Meta
- There are no hard problems. There is just lack of information about how the system works
- Remember that the bug is happening for a logical reason
- Be unreasonably confident in your ability to fix the bug
- Every error is an opportunity to learn
- Be aware of the imposter syndrome
- Get enough sleep and take breaks
- Try to tackle hard problems in the morning with a fresh mind and without disruption (before you check mails, chat, ticket system, monitoring, …)
Finding the root cause of the problem
- What’s the error message? Are there any log files?
- Read the error description. Every word of it. Twice.
- Is there a typo somewhere (command line/configuration/code)?
- Try to get the issue reproducible
- Can you reproduce it from the command line?
- It’s easier for other people to reproduce the issue
- It’s easier to test the fix
- Can you reproduce it from the command line?
- Isolate the problem
- Remove some parts of the system and try to reproduce the bug
- Vary one thing at a time while keeping all other things constant
Issue still not fixed? Checklist
- Does the problem occur only on a single server? The same thing runs flawless somewhere else?
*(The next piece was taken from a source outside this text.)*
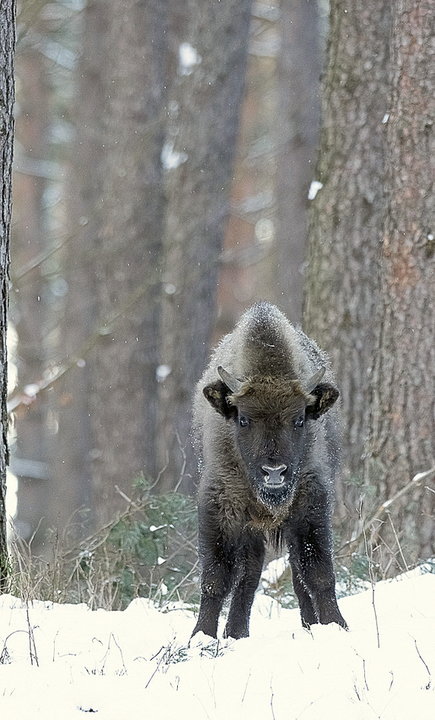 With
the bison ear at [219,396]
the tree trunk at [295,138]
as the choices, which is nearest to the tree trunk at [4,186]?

- What’s the difference? Compare!
- Can you increase the debug log?
- What parts of the system do you not understand? Take your time and learn about it!
- Do you have multiple issues? Try to solve the underlying issue first
- Get a stable debugging environment
- When did the problem occur first? What has changed?
- Is it really a problem or intended behavior (security feature?)
- Do some sanity checks
- Are you on the right virtual machine?
- Can you ping the target host?
- Is DNS still working?
- Check network traffic with ngrep/tcpdump. Do you see what you expect?
- Is one of the disks full?
- Are you editing the right file?
- Write some garbage and try to compile
- Check the monitoring system
- Do other VMs of the customer have problems?
- Do other VMs running on the same hypervisor have problems?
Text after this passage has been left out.